◆ **Task brief**
Return the lines beginning at the one that contains "Decentralization involves the" and running to the end of the records, exactly and with nothing else. Omit pictures.

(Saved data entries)
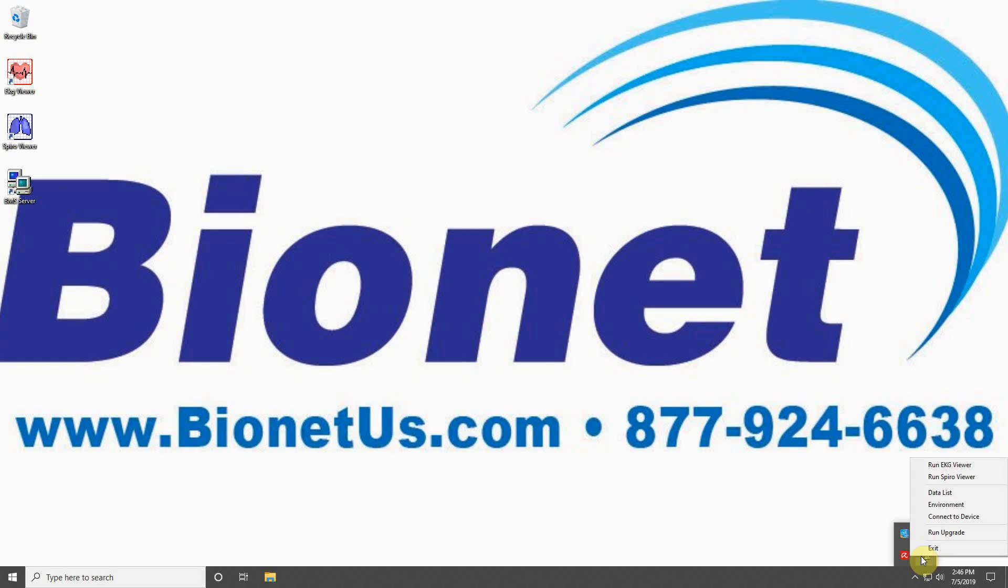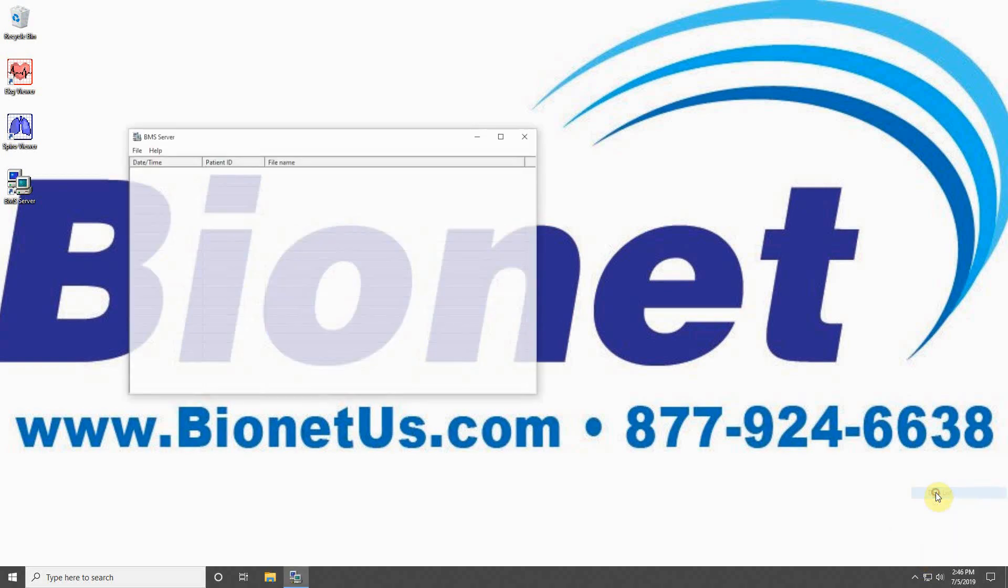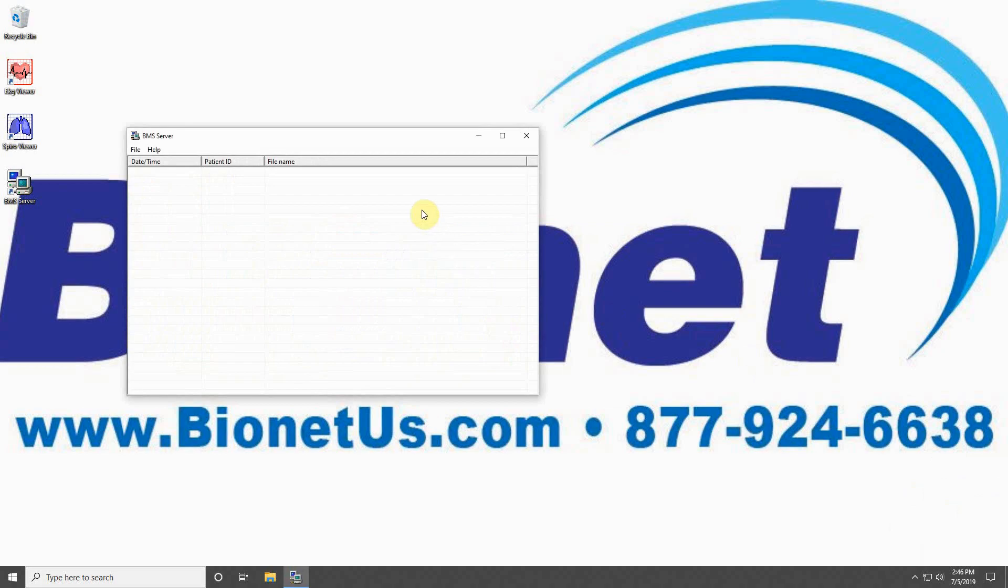Above Environment is the Data List, which is where you can access a list of all transferred data on your computer, found in the folder location you chose under Working Directory.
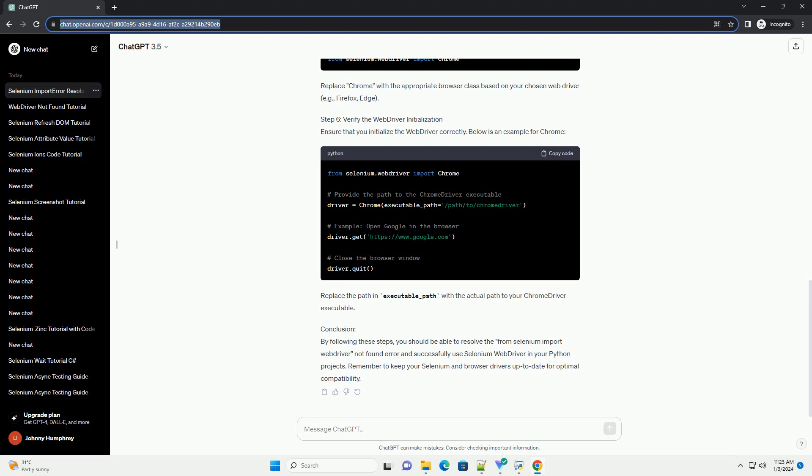Step 5: Update the Import Statement. If you are still encountering the from Selenium import web driver not found error, try using a more specific import statement based on the web browser you intend to use. For example, if you are working with Chrome, use the following import statement.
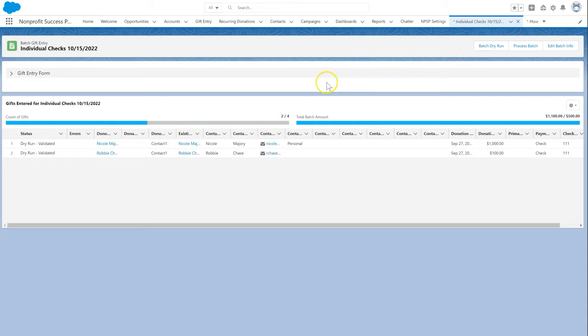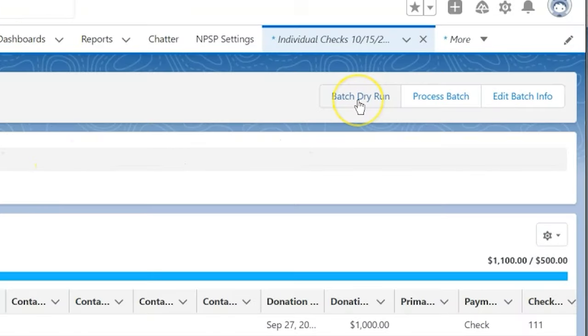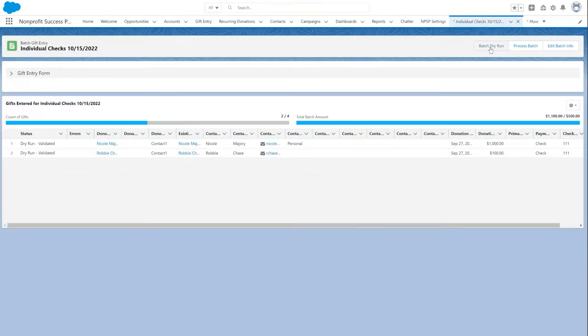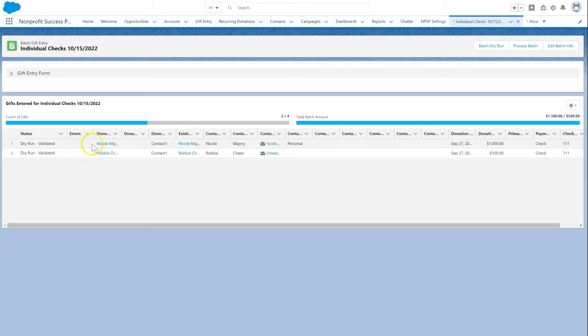Let's click the batch dry run button in the gift entry highlight panel. Below the gift entry form, we can see the table of the gifts entered. Each gift is validated and the status is updated.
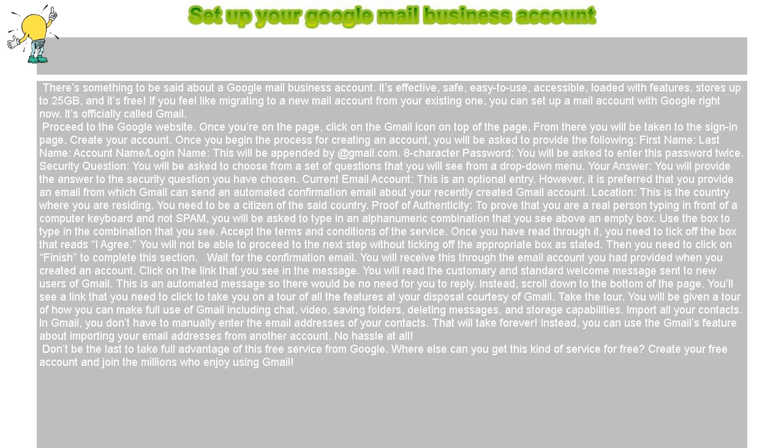You will read the customary welcome message sent to new users of Gmail. This is an automated message so there would be no need for you to reply. Instead, scroll down to the bottom of the page. You will see a link that you need to click to take you on a tour of all the features at your disposal courtesy of Gmail. Take the tour — you will be shown how to make full use of Gmail including chat, video, saving folders, deleting messages, and storage capabilities.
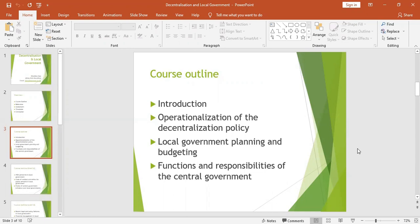Decentralization involves the devolution or transfer of power to the lower levels of government, and ensures that activities which were previously handled by the central government are executed by local government officials. Different scholars have defined the term differently. According to Rodenna (1981), decentralization refers to the transfer of authority to make decisions and manage public functions from a higher level of government to any individual, organization, or agent at the lower level.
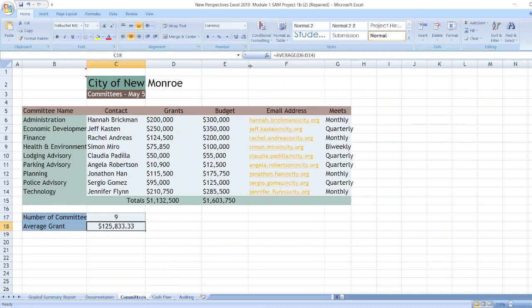Now, data for cash flow and auditing is here. Now, as you can see that whole project is given here.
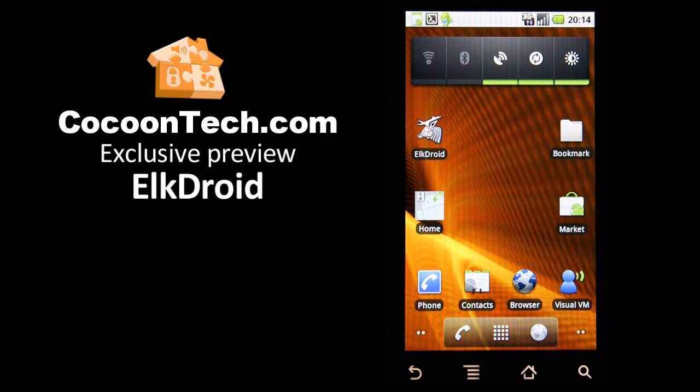Hi, welcome to the exclusive preview of the Elk Droid application, the first client written for the Elk M1 controller on the Android platform.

◆ **Response to the task**
Decentralization involves the devolution or transfer of power to the lower levels of government, and ensures that activities which were previously handled by the central government are executed by local government officials. Different scholars have defined the term differently. According to Rodenna (1981), decentralization refers to the transfer of authority to make decisions and manage public functions from a higher level of government to any individual, organization, or agent at the lower level.
Now, data for cash flow and auditing is here. Now, as you can see that whole project is given here.
Hi, welcome to the exclusive preview of the Elk Droid application, the first client written for the Elk M1 controller on the Android platform.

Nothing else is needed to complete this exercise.